Não faltou ironia e comédia por estes dias relativamente ao facto de Marina ter vencido o concurso Miss Portugal. Revolta-me o que li e ouvi, no sentido de perceber a intolerância e a falta de empatia, que ainda grassa por aí. Tenho observado várias leituras sobre este tema, mas sei que a única que deve ser feita, é a leitura mais humana, mais empática.

Na herança dos cromossomas sexuais, podemos ter o cromossoma X, feminino, e o Y, masculino, cuja combinação determina basicamente o sexo da pessoa: mulheres são XX e os homens, XY. Mas não é preciso uma investigação científica profunda para se perceber que a vinda a este mundo não é um cálculo — 2+2=4. Uma breve pesquisa na Internet sobre o tema, apresenta as mais diversas ramificações — Síndrome De la Chapelle, quando uma pessoa XX desenvolve naturalmente genitais masculinos como um pénis, testículos e escroto; ou o Síndrome da fêmea XY, ao contrário do anterior é uma pessoa que desenvolve genitais, uma vagina, útero e trompas de Falópio; entre tantas outras equações possíveis.
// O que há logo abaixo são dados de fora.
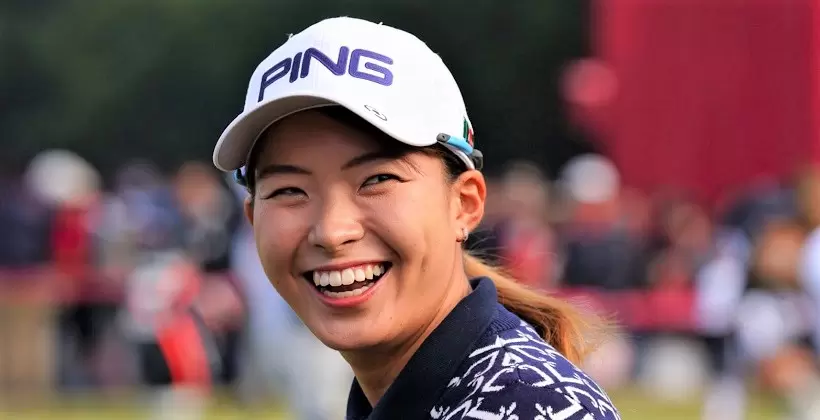 ゴルフ場での渋野日向子の笑顔アップ写真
Já em 1979, a Convenção sobre a eliminação de todas as formas de discriminação contra as mulheres (CEDAW), tratado internacional aprovado em 1979, pela Assembleia Geral das Nações Unidas, exigia uma investigação mais profunda sobre o significado de "mulher" como género, tendo em conta que se o significado comum for "mulher" como construção biológica, então apenas as mulheres que produzem óvulos seriam abrangidas pelo tratado. Ficariam as mulheres inférteis de fora do tratado? Recordo que no ano passado, veio a público o caso de uma modelo, Kesia Nascimento, que nasceu sem útero e sem canal vaginal.
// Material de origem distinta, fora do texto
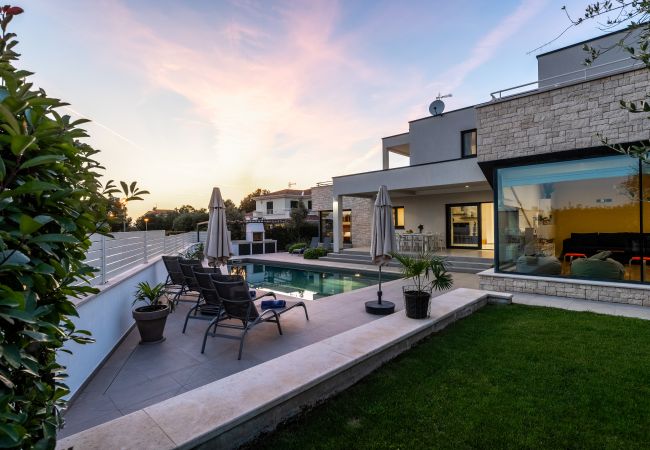 Villa in Varvari - Villa Anni for 10 people in Porec with heated pool, sea view & kids room and playground Villa in Varvari - Villa Anni for 10 people in Porec with heated pool, sea view & kids room and playground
É, portanto, dado adquirido, que à semelhança do que escreveu Simone de Beauvoir, “não nascemos mulheres, tornamo-nos mulheres”. Existe uma fronteira entre o sexo que nos é atribuído à nascença e o género, construção social, com que nos identificamos. E neste sentido, importa clarificar que transgénero é uma identidade ou comportamento de género que não reflete as construções de género comuns da cultura e do tempo. Transgénero descreve "todo e qualquer tipo de variação das normas e expectativas de género”, envolvendo a diferença entre uma construção dominante ou comum do género e uma marginalizada ou pouco frequente (Meyer, 2016). E vários estudos confirmam que as pessoas transgénero estão sujeitas ao mesmo tipo de violência de que as mulheres são alvo, como os crimes contra à honra ou o crime de violação.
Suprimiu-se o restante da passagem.